Nos últimos 10 anos, seis empresas entregaram as linhas ou fecharam as portas. A crise do sistema regular de transporte de passageiros entre os municípios potiguares, afirmam os empresários do setor, decorre da atuação desenfreada dos clandestinos, principalmente dos “loteiros”, que fornecem o serviço de transporte de forma irregular e, não raro, com riscos iminentes aos seus usuários por burlarem a fiscalização dos órgãos competentes.
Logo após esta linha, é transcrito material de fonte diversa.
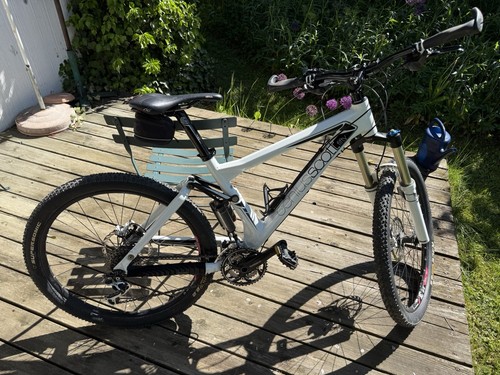 Mountainbike scott genius - genius, 50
Segundo o presidente da Federação de Transportes de Passageiros do Nordeste (Fetronor), Eudo Laranjeiras, a clandestinidade tem empurrado as empresas do setor para a falência. Nos últimos 10 anos, a frota de ônibus foi reduzida de 600 para 320 veículos em circulação. Deste total, 200 atendem a Região Metropolitana de Natal. São onze empresas prestando serviço para 71 cidades de todo o Rio Grande do Norte.
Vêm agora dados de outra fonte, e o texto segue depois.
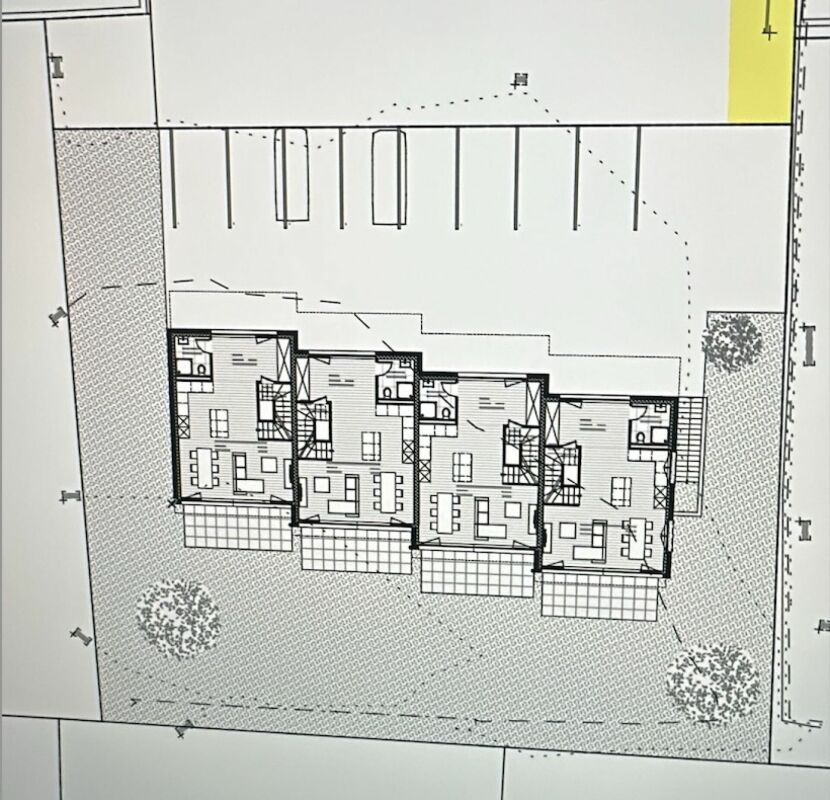 4 Villas mitoyennes -  "Torrent" - Bild 5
Para efeitos de comparação, de acordo com dados da Associação dos Proprietários e Condutores de Transporte Alternativo Complementar do Rio Grande do Norte (ATAC), o número de veículos clandestinos – também chamados de “loteiros” – trafegando pelas estradas potiguares já supera a marca dos cinco mil. Desta forma, a proporção é de 15 clandestinos para cada ônibus.
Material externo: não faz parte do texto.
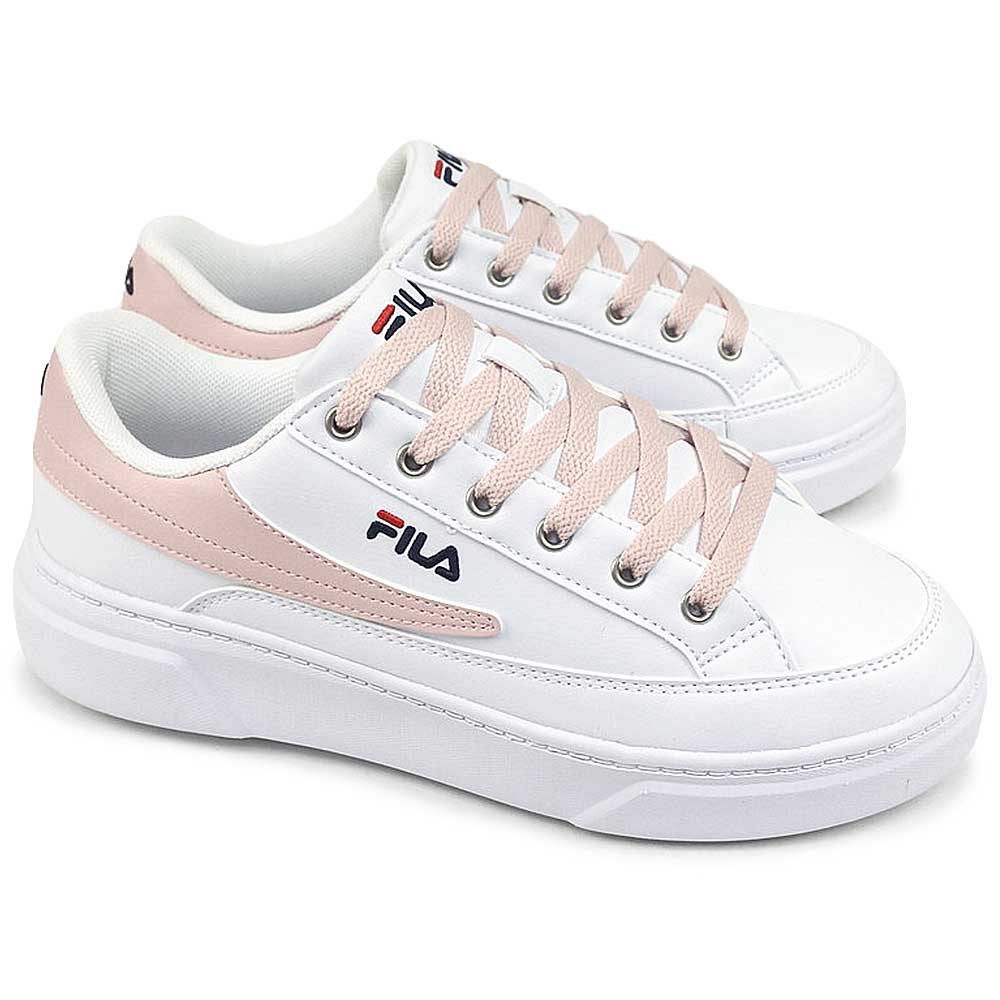 FILA（フィラ） レディース スニーカー WFW25044 メンズ コートプラン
A competição desenfreada e a ausência de fiscalização pública, segundo Eudo Laranjeiras, causaram o desemprego dois mil trabalhadores nesta década. “O transporte público não é uma prioridade para o governo estadual. Nós seguimos regras; os clandestinos, não”, afirma ele, reclamando da atuação do Departamento de Estradas e Rodagens do RN (DER).
A Fetronor contabiliza que as empresas Oeste, Queiroz e Melo, Brandão, Transul e Unidas fecharam as portas nos últimos anos. Mais de 100 mil pessoas ficaram sem o benefício do transporte público. “A crise das empresas de ônibus tomou forma com o uso ilegal de veículos particulares para o transporte ilegal de passageiros”.
Ele lembra que quando uma linha de ônibus se encerra, o preço do trajeto é reajustado. “Numa das linhas para Genipabu, por exemplo, o ônibus custava R$ 3,00 em 2011. A empresa deixou de atuar e os clandestinos passaram a cobra R$ 10. Qual a vantagem para o usuário?”, indagou.
Laranjeiras argumenta ainda que os clandestinos não seguem as regras estipuladas para o transporte de passageiros. Os loteiros não têm rotas pré-determinadas, horários fixos e nem mesmo cumprem com as leis de gratuidade ou meia-passagem.
“A concorrência é desleal porque os clandestinos não cumprem o que está na lei e as empresas regulamentadas arcam com os prejuízos. O clandestino só roda se tiver passageiro pagante. A passagem não é regulamentada; o preço é definido na hora do embarque. O transporte irregular não beneficia ao estudante, idoso, deficiente e não faz horários alternativos, como os que as empresas são obrigadas a fazer”, justificou.
Segurança: Presidente da empresa Trampolim da Vitória, que atua nos municípios de Parnamirim, Macaíba e São Gonçalo do Amarante, Eudo Laranjeiras também questiona a segurança do serviço prestado pelos clandestinos. “A última morte envolvendo um ônibus intermunicipal foi há mais de 15 anos”, ressaltou.
Nos últimos 12 meses, segundo a Polícia Rodoviária Federal (PRF), dois acidentes estão correlacionados ao transporte clandestino. As nove mortes de Ceará-Mirim, na segunda-feira passada, podem ser somados aos três mortos num outro acidente ocorrido em novembro de 2012.
Outro fato sobre a insegurança no trânsito é que o motorista responsável pelo último acidente, Francisco Cosme do Nascimento, 41, não tinha carteira de habilitação. Ele foi uma das vítimas da tragédia. No dia 5 de fevereiro, o motorista havia sido autuado por embriaguez ao volante. Ele estava com a habilitação vencida desde outubro passado.